Though I do not limit my plant selections exclusively to natives, I understand the value of preserving local, native plant genotypes, fighting invasive alien species, and saving natural lands from development. We have two exquisite watersheds in our little part of New Jersey - the Wickecheoke and the Lokatong. Both drain somewhere around 25 square miles, and share a rocky, picturesque plunge over their last few miles into the Delaware. These two watersheds, and the surrounding lands - particularly the sublime Rosemont Valley - need to be preserved.

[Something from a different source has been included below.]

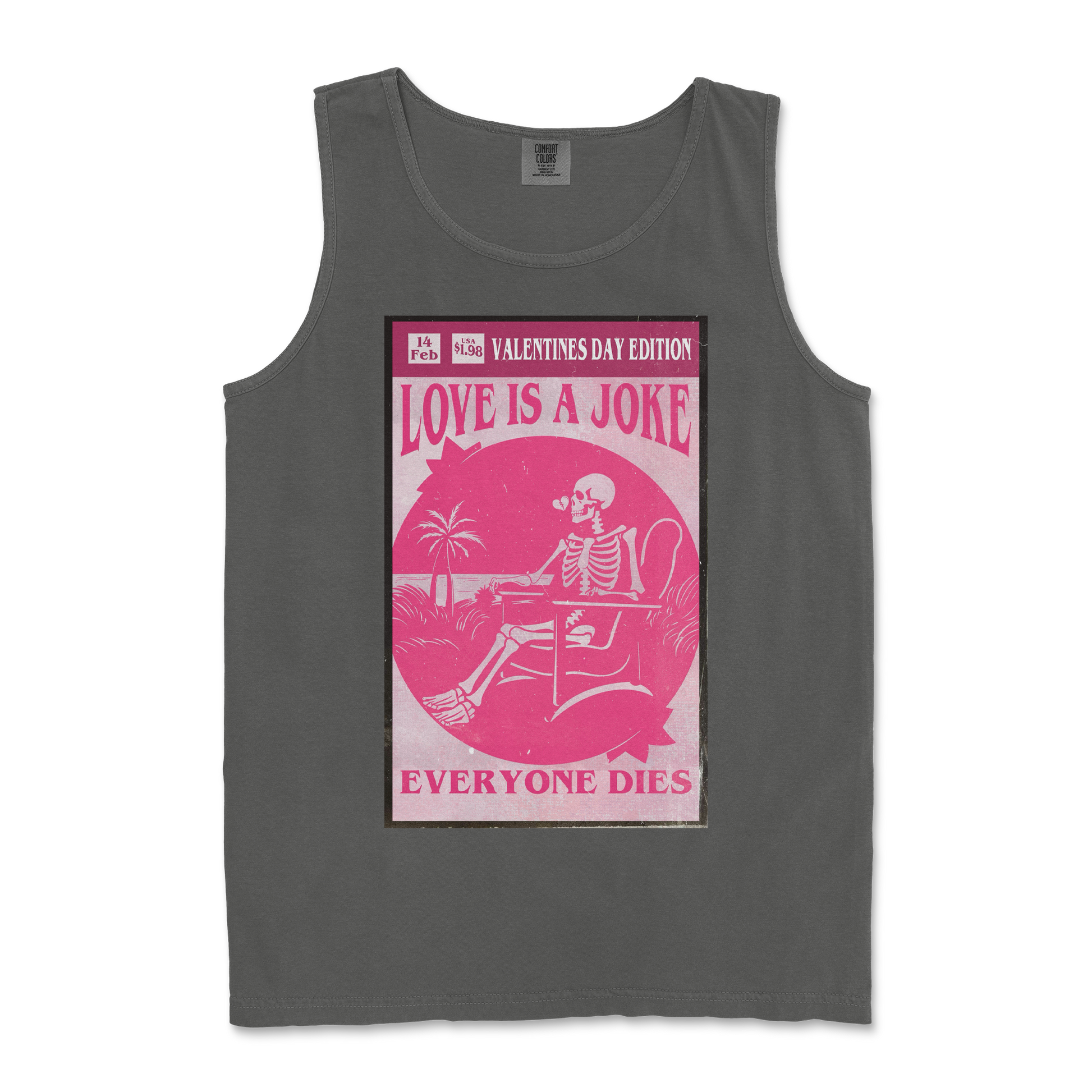 Comfort Colors Tank Top Love Is A Joke in Pepper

Several local governments and nonprofit organizations are having success preserving farms and natural lands. But as more and more land is preserved, and development forces exert pressure to take the land for their own benefit (profit), it will become increasingly necessary to be able to show the value of preserving land, and to clearly demonstrate that preservation measures are improving the value of these lands.

Thus, the Plant Stewardship Index. This is a scientific tool that can be used to evaluate the value of natural lands, and to measure the efficacy of management measures used to improve the quality of these preserved lands. The PSI provides an index, a number, that indicates the quality of native habitat by measuring the numbers of plant species present.

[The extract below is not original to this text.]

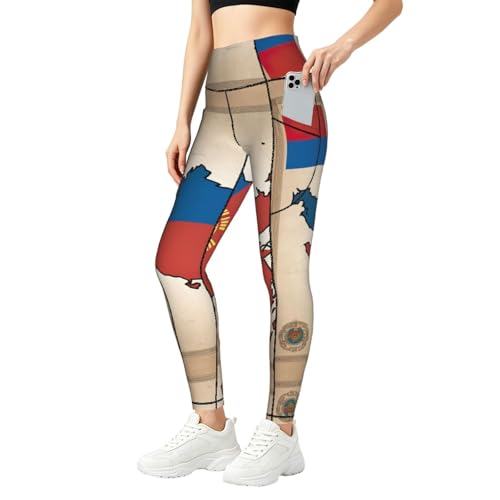 Leggings de Mongolia con bolsillos para mujer pantalones elásticos de running fitness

It is a highly localized tool because its foundation is a list of plants that grow in a specific area, both native and non-native, each with a number assigned between zero and 10. Plants that are native, and that indicate a high quality habitat by their simple presence, have higher values. Such a list - consisting of over 4,000 plants - exists for New Jersey. It was developed by professional botanists meeting and coming to consensus on each plant's value as an indicator of high quality habitat. A similar list for Pennsylvania will soon be available.

A mathematical formula is used to calculate the PSI. It looks a little foreboding because it incorporates a statistical technique to assure more accurate results, but it's quite simple. Of course, calculating a PSI requires you to perform a survey of the land, and to be able to identify the majority of plant species living there. You don't have to actually count the numbers of individual plants in each species, just the presence of a species.

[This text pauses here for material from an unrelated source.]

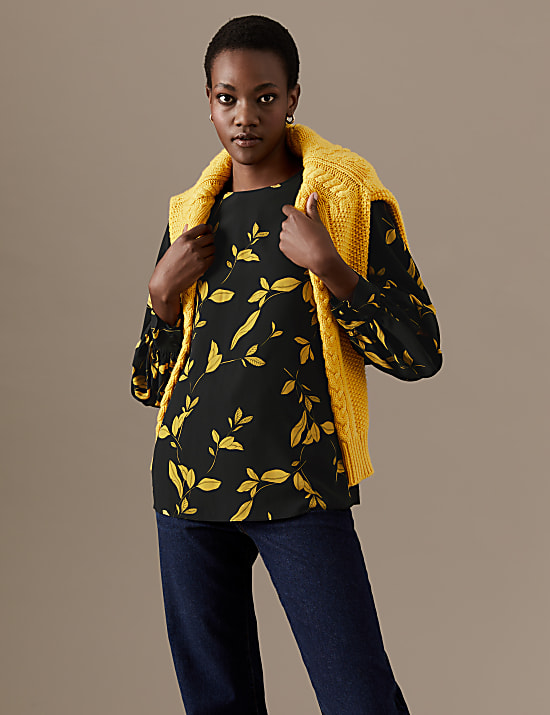 Leaf Print Blouson Sleeve Blouse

Bowman's Hill Wildflower Preserve (BHWP), just south of New Hope, Pennsylvania, has taken on the challenge of introducing the PSI to our area. This is a major undertaking for such an organization, and they deserve support. Many governmental and academic organizations have declined take on introduction of the PSI in New Jersey and Pennsylvania, so BHWP is doing a really good thing. They will soon make available on their web page all the information needed to calculate the PSI for a given piece of land. I understand this tool will be available to the general public. BHWP will also give a series of classes in use of the PSI and identification of native plant species. I intend to participate.

Here is the BHWP web address. Keep a watch for the PSI tool to appear in the very near future.

Bowman's Hill Wildflower Preserve

Monday, February 20, 2006

Are we gardening yet?

After an extraordinarily mild winter, we had a whopping snow storm last weekend. New York City, about 65 miles to the east, had the most snow ever recorded in a 24 hour period. Here's how it looked at Federal Twist.
Warm weather - again - the following week quickly melted most of the snow. The Lockatong Creek is running overfull, as are the little unnamed tributaries around us. I continue reading gardening books - now Dan Pearson's The Garden: A Year at Hope Farm - and ordering plants. As usual, I've reached the surfeit point and am feeling I'll never have time to build the stone walls I want to build, expand the front planting area, cut down the worst of the ragged cedars blocking the view of the sky, build the pond, and plant 30 Panicum virgatum 'Rotstrahlbusch', 25 Molinia caerulea 'Strahlenquelle', 15 Darmera peltata, and all the many, many other plants that will arrive, probably bare root, when I have only one rainy day left for gardening before leaving to get back to the City for work on Monday. Why do I do this?

As spring arrives, I'll remember, as in the past, all this will not get done in one year. And the better for it.